Milhaud was born in Marseille, the son of Sophie (Allatini) and Gad Gabriel Milhaud.[2] His father was from a Jewish family from Aix-en-Provence, and his mother from a Sephardi Jewish family from Italy.[3][4] Milhaud began as a violinist, later turning to composition instead. Milhaud studied in Paris at the Paris Conservatory where he met his fellow group members Arthur Honegger and Germaine Tailleferre. He studied composition under Charles Widor and harmony and counterpoint with André Gedalge. He also studied privately with Vincent d’Indy. From 1917 to 1919, he served as secretary to Paul Claudel, the eminent poet and dramatist who was then the French ambassador to Brazil, and with whom Milhaud collaborated for many years, setting music for many of Claudel’s poems and plays. While in Brazil, they collaborated on a ballet, L’Homme et son désir.[5]
On his return to France, Milhaud composed works influenced by the Brazilian popular music he had heard, including compositions of Brazilian pianist and composer Ernesto Nazareth. Le bœuf sur le toit includes melodies by Nazareth and other popular Brazilian composers of the time, and evokes the sounds of Carnaval. Among the melodies is, in fact, a Carnaval tune by the name of “The Bull on the Roof” (in Portuguese, which he translated to French ‘Le boeuf sur le toit’, known in English as ‘The Ox on the Roof’). He also produced Saudades do Brasil, a suite of twelve dances evoking twelve neighborhoods in Rio de Janeiro. Shortly after the original piano version appeared, he orchestrated the suite.
Contemporary European influences were also important.
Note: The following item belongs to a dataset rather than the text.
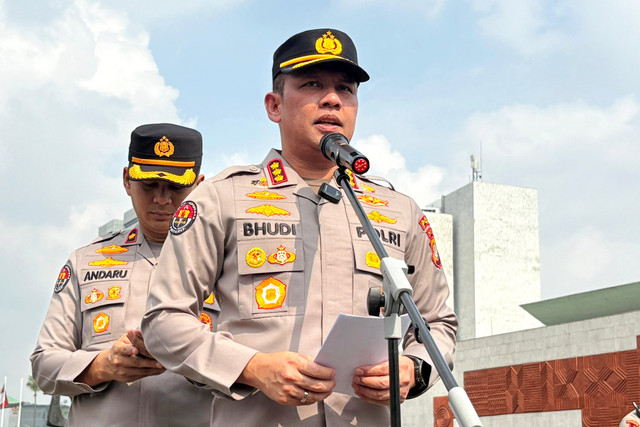 Kabid Humas Polda Metro Jaya, Kombes Pol Budi Hermanto di Kompleks Parlemen, Senayan, Jakarta, Senin (15/6/2026). Foto: Nasywa Athifah/kumparan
Milhaud dedicated his Fifth String Quartet (1920) to Arnold Schoenberg,[6] and the following year conducted both the French and British premieres of Pierrot lunaire after multiple rehearsals.[7] And on a trip to the United States in 1922, Darius Milhaud heard “authentic” jazz for the first time, on the streets of Harlem,[8] which left a great impact on his musical outlook. The following year, he completed his composition La création du monde (The Creation of the World), using ideas and idioms from jazz, cast as a ballet in six continuous dance scenes.[8]
In 1925, Milhaud married his cousin, Madeleine (1902–2008), an actress and reciter. In 1930 she gave birth to a son, the painter and sculptor Daniel Milhaud, who was the couple’s only child.[9]
The invasion of France by Nazi Germany forced the Milhauds to leave France in 1940[10] and emigrate to the United States (his Jewish background made it impossible for Milhaud to return to his native country until after its liberation).[11] He secured a teaching post at Mills College in Oakland, California, where he composed the opera Bolivar (1943) and collaborated with Henri Temianka and the Paganini Quartet. In an extraordinary concert there in 1949, the Budapest Quartet performed the composer’s 14th String Quartet, followed by the Paganini Quartet‘s performance of his 15th; and then both ensembles played the two pieces together as an octet.[12] The following year, these same pieces were performed at the Aspen Music Festival in Colorado, by the Paganini and Juilliard String Quartets.[13]
Jazz pianist Dave Brubeck became one of Milhaud’s most famous students when Brubeck furthered his music studies at Mills College in the late 1940s. In a February 2010 interview with JazzWax, Brubeck said he attended Mills, a women’s college (men were allowed in graduate programs), specifically to study with Milhaud, saying, “Milhaud was an enormously gifted classical composer and teacher who loved jazz and incorporated it into his work. My older brother Howard was his assistant and had taken all of his classes.”[14] Brubeck named his first son Darius.
In 1947 Milhaud was among the founders of the Music Academy of the West summer conservatory,[15] where popular songwriter Burt Bacharach was among his students.[16] Milhaud told Bacharach, “Don’t be afraid of writing something people can remember and whistle. Don’t ever feel discomfited by a melody.”[17]
From 1947 to 1971, he taught alternate years at Mills and the Paris Conservatoire, until poor health, which caused him to use a wheelchair during his later years (beginning in the 1930s), compelled him to retire. He also taught on the faculty of the Aspen Music Festival and School. He died in Geneva at the age of 81, and he was buried in the Saint-Pierre Cemetery in Aix-en-Provence.